**Records to process**
───

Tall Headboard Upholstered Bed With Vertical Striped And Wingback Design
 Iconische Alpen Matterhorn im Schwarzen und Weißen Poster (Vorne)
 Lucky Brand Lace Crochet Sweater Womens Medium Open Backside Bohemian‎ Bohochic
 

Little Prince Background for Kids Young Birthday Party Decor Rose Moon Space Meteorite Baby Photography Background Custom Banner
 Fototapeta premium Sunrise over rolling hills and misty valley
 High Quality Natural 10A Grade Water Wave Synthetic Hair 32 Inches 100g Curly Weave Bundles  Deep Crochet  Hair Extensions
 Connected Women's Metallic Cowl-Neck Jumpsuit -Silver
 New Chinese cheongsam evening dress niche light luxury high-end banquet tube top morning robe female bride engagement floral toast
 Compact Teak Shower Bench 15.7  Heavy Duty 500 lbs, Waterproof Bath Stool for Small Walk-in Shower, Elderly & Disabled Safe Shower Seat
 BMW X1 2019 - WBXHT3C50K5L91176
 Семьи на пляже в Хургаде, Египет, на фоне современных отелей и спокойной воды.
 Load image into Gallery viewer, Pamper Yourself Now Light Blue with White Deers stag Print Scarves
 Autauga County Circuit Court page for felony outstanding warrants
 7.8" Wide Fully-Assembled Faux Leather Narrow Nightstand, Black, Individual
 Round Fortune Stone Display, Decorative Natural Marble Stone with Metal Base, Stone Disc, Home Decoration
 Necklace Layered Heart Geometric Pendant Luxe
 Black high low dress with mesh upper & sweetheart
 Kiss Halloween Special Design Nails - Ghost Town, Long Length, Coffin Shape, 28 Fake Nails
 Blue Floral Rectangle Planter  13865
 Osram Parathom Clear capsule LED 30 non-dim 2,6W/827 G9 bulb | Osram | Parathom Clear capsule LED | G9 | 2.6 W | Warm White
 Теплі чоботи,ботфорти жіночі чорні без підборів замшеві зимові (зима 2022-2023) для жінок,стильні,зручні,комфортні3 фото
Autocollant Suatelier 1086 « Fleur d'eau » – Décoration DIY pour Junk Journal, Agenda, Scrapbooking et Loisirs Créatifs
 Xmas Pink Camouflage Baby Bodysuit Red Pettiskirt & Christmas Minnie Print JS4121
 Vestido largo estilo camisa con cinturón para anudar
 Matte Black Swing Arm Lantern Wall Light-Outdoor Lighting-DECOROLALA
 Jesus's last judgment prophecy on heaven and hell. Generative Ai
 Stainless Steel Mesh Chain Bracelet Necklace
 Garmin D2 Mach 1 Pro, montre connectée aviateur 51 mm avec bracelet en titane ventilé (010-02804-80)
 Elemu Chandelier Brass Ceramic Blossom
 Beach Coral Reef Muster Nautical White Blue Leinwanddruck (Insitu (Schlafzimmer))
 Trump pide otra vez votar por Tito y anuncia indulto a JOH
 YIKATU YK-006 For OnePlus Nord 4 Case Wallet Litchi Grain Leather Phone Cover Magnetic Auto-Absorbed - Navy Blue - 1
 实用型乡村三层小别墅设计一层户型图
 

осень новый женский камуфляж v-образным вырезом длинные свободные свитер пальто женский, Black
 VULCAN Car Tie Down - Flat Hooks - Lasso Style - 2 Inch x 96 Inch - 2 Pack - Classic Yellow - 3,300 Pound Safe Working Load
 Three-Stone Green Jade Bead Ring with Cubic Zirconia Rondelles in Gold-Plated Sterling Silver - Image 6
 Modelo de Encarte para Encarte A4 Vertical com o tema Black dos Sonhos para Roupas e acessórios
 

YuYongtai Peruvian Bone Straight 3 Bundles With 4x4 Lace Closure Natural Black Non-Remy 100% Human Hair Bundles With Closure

───

**Exercise directions**
Give the full listing above again, exactly as it was presented.

**Written response**
Tall Headboard Upholstered Bed With Vertical Striped And Wingback Design
 Iconische Alpen Matterhorn im Schwarzen und Weißen Poster (Vorne)
 Lucky Brand Lace Crochet Sweater Womens Medium Open Backside Bohemian‎ Bohochic
 

Little Prince Background for Kids Young Birthday Party Decor Rose Moon Space Meteorite Baby Photography Background Custom Banner
 Fototapeta premium Sunrise over rolling hills and misty valley
 High Quality Natural 10A Grade Water Wave Synthetic Hair 32 Inches 100g Curly Weave Bundles  Deep Crochet  Hair Extensions
 Connected Women's Metallic Cowl-Neck Jumpsuit -Silver
 New Chinese cheongsam evening dress niche light luxury high-end banquet tube top morning robe female bride engagement floral toast
 Compact Teak Shower Bench 15.7  Heavy Duty 500 lbs, Waterproof Bath Stool for Small Walk-in Shower, Elderly & Disabled Safe Shower Seat
 BMW X1 2019 - WBXHT3C50K5L91176
 Семьи на пляже в Хургаде, Египет, на фоне современных отелей и спокойной воды.
 Load image into Gallery viewer, Pamper Yourself Now Light Blue with White Deers stag Print Scarves
 Autauga County Circuit Court page for felony outstanding warrants
 7.8" Wide Fully-Assembled Faux Leather Narrow Nightstand, Black, Individual
 Round Fortune Stone Display, Decorative Natural Marble Stone with Metal Base, Stone Disc, Home Decoration
 Necklace Layered Heart Geometric Pendant Luxe
 Black high low dress with mesh upper & sweetheart
 Kiss Halloween Special Design Nails - Ghost Town, Long Length, Coffin Shape, 28 Fake Nails
 Blue Floral Rectangle Planter  13865
 Osram Parathom Clear capsule LED 30 non-dim 2,6W/827 G9 bulb | Osram | Parathom Clear capsule LED | G9 | 2.6 W | Warm White
 Теплі чоботи,ботфорти жіночі чорні без підборів замшеві зимові (зима 2022-2023) для жінок,стильні,зручні,комфортні3 фото
Autocollant Suatelier 1086 « Fleur d'eau » – Décoration DIY pour Junk Journal, Agenda, Scrapbooking et Loisirs Créatifs
 Xmas Pink Camouflage Baby Bodysuit Red Pettiskirt & Christmas Minnie Print JS4121
 Vestido largo estilo camisa con cinturón para anudar
 Matte Black Swing Arm Lantern Wall Light-Outdoor Lighting-DECOROLALA
 Jesus's last judgment prophecy on heaven and hell. Generative Ai
 Stainless Steel Mesh Chain Bracelet Necklace
 Garmin D2 Mach 1 Pro, montre connectée aviateur 51 mm avec bracelet en titane ventilé (010-02804-80)
 Elemu Chandelier Brass Ceramic Blossom
 Beach Coral Reef Muster Nautical White Blue Leinwanddruck (Insitu (Schlafzimmer))
 Trump pide otra vez votar por Tito y anuncia indulto a JOH
 YIKATU YK-006 For OnePlus Nord 4 Case Wallet Litchi Grain Leather Phone Cover Magnetic Auto-Absorbed - Navy Blue - 1
 实用型乡村三层小别墅设计一层户型图
 

осень новый женский камуфляж v-образным вырезом длинные свободные свитер пальто женский, Black
 VULCAN Car Tie Down - Flat Hooks - Lasso Style - 2 Inch x 96 Inch - 2 Pack - Classic Yellow - 3,300 Pound Safe Working Load
 Three-Stone Green Jade Bead Ring with Cubic Zirconia Rondelles in Gold-Plated Sterling Silver - Image 6
 Modelo de Encarte para Encarte A4 Vertical com o tema Black dos Sonhos para Roupas e acessórios
 

YuYongtai Peruvian Bone Straight 3 Bundles With 4x4 Lace Closure Natural Black Non-Remy 100% Human Hair Bundles With Closure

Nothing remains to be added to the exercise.